= The CBS Late Movie =

Television series

Original title card (1972–1984).

The CBS Late Movie is a CBS television series (later known as CBS Late Night) that aired during the 1970s and 1980s. The program ran in most American television markets from 11:30 p.m. (ET/PT) until 2:30 a.m. or later, on weeknights. A single announcer (in the early years, CBS staff announcer Norm Stevens) voiced the introduction and commercial bumpers for each program, but there was no host per se, or closing credits besides those of the night's presentation. (The bumpers announcing the stars of the movie rotated names, two or three at a time, so more of the players would be mentioned.)

The program was launched following the cancellation of The Merv Griffin Show, which aired as part of the network's late night lineup from 1969 to 1972, and went on to have a long run in first-run syndication after Griffin decided to end his contract with CBS before it could cancel the talk show.

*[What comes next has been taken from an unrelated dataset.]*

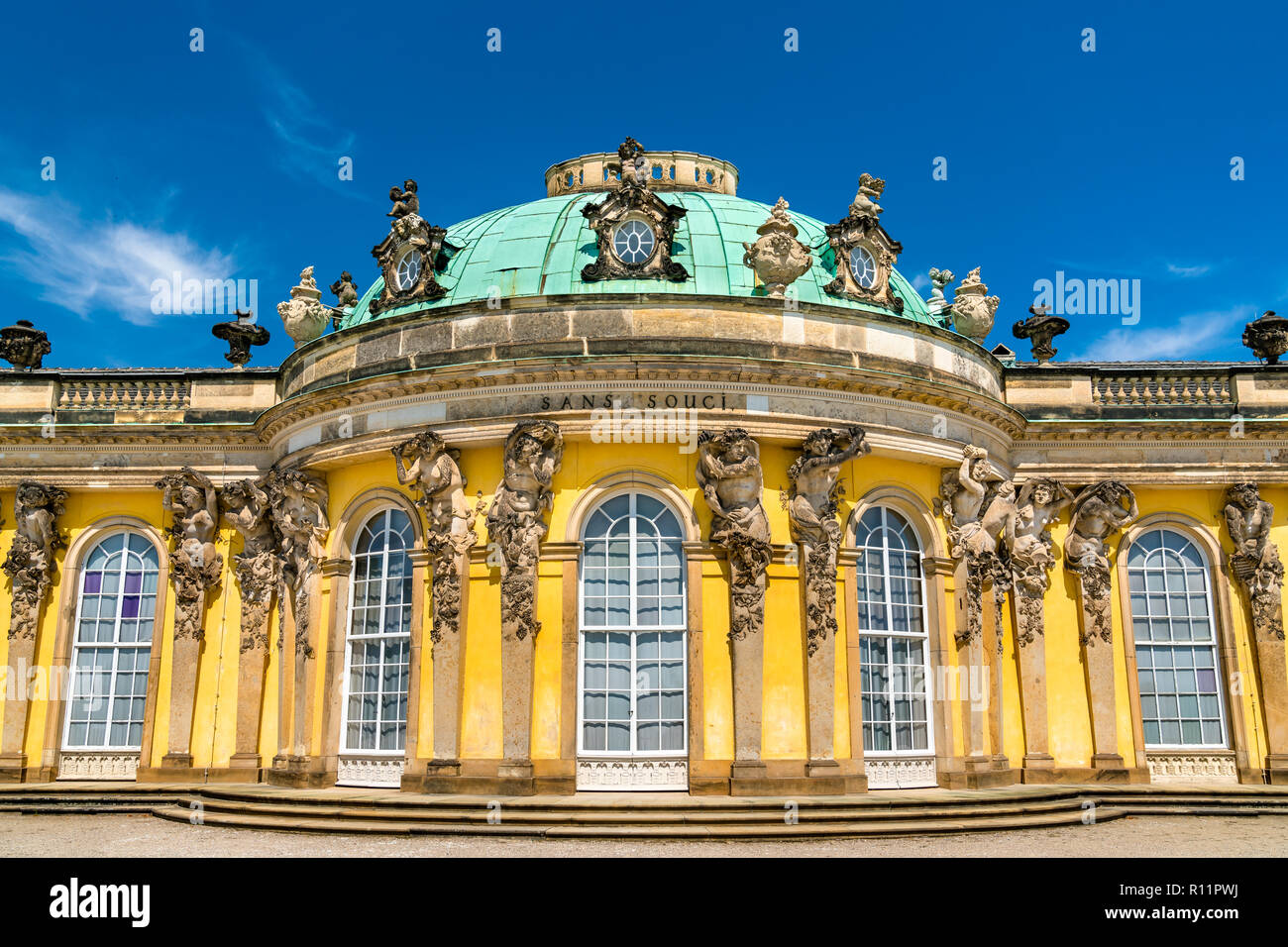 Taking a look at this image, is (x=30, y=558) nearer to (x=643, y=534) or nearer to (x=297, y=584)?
(x=297, y=584)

From 1972 to 1984, "So Old, So Young", composed by CBS West Coast musical director Morton Stevens and which also served as the theme for CBS' prime time movies until 1978, served as the program's theme music.

==Background==

Until 1969, CBS programming had never ventured into the late hours. However, three years earlier, scheduling coordinators at many of the network's affiliates, who were programming old movies after nightly local newscasts, took notice of the dwindling stock of new films available for acquisition. In fact, a 1966 poll of CBS affiliates revealed that approximately 80% of local outlets were demanding the network "supply a late evening entertainment show Mondays through Fridays" to fill the growing void in newer films. Thus, CBS tentatively targeted the spring of 1968 as the premiere date for a new network late night series. But CBS spokespersons admitted they "did not know whether its show would be similar to others, but it [was] hopeful of devising something different" from the usual talk format exemplified by Johnny Carson's Tonight Show on NBC or Joey Bishop, who was about to bring his own brand of chat to ABC audiences.

In 1967, at its annual convention, CBS met with 750 affiliate executives and told them the network could provide a Carson-style late night program by the following spring—but only if 85% of station-owners would commit to airing it. Otherwise, the financing required for such a production would prove cost-prohibitive. No official poll was taken among the executives, however, and this may have been due to the fact that in 1966 when a similar offer was dangled before affiliates, only 70% of CBS stations desired a late-evening talk show. Yet in 1969, this is just what was offered to them –in the person of Merv Griffin. But despite his success as a daytime television phenomenon, Griffin's CBS ratings could never compete with Johnny Carson's consistently high audience numbers. Thus, in pulling the plug on Griffin in early 1972, CBS committed its late night programming to classic feature films as well as the debut of more recent theatrical fare.

This move proved an effective ploy because two months after The CBS Late Movie premiered, the Nielsen ratings recorded that it had drawn a larger audience than The Tonight Show. One CBS executive had a simple explanation for this sudden (though short-lived) good fortune: "People just like to watch movies."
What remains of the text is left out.